このエリヤに対して、バアルの預言者を皆殺しにしたことを知った王妃イゼベルは、お前の命を奪いに行くと告げてきた。使者を送って、明日のこの時刻までお前が生きていたら、神々がわたしを罰してくれるように、と告げさせた。何とも恐ろしい伝言だ。
これを聞いたエリヤは、カルメル山での勇ましい姿とは全く対照的にすぐに逃げた。そして荒れ野を一日歩き続けて、一本のえにしだの木の下にくると、もう私の命を取ってください、と神に語りかけている。

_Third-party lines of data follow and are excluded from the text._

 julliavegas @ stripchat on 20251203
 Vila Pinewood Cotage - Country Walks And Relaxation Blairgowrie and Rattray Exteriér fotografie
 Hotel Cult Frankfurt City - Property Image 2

エリヤって案外お調子者だったのだろうか。カルメル山で対決して勝利したことによって民は、主こそ神です、主こそ神です、と言ったと書かれている。そこでエリヤはついついいい気になって、バアルの預言者どもを捕らえよ、一人も逃がしてはならない、なんてことを言ってその勢いで皆殺しにしてしまったのかもしれない。神が皆殺しにするように命令している訳でもない。

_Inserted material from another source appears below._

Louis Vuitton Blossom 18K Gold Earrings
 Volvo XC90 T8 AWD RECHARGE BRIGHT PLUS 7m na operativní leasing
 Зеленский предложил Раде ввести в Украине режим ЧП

そもそも最初にエリヤがアハブ王に、わたしが告げるまで数年間雨が降らないだろうと言った時も、神がそうしろと命令したとは書かれていない。
案外、神が告げるようにと言われてないのに告げてしまったり、殺せと言われてもないのに殺してしまったりというような面があったのかもしれない。そしてその結果命を狙われることになった。そうすると今度はもう命を取ってくださいなのだ。先ずは助けてくださいと願うんじゃないのかと思うけれど、いきなり命を取って下さいなのか。
しかしそんなエリヤに神は御使いを送ってパンと水を届けてくれた。命を取ってくれというエリヤに対する神の答えということなのだろう。この御使いが誰なのか分からないけれど、とにかくエリヤは最後には神の山ホレブ、これはシナイ山のことらしいけれど、そこの洞穴に入った。かつてモーセが神と出会った神の山まで逃げてきた。そして洞穴に隠れることで少しは安心できたのではないか。
何をしている?
そこで神は、「エリヤよ、ここで何をしているのか」と問いかけてきた。エリヤは、私は主に情熱を傾けて仕えてきた、なのにイスラエルの人々は契約を捨て預言者を殺した、残りはわたし一人だけで、わたしも命を狙われている、というようなことを語る。こんなに危機的な状況なんです、ということを語る。しかし主は、そこを出て山の中で主の前に立ちなさいと言った。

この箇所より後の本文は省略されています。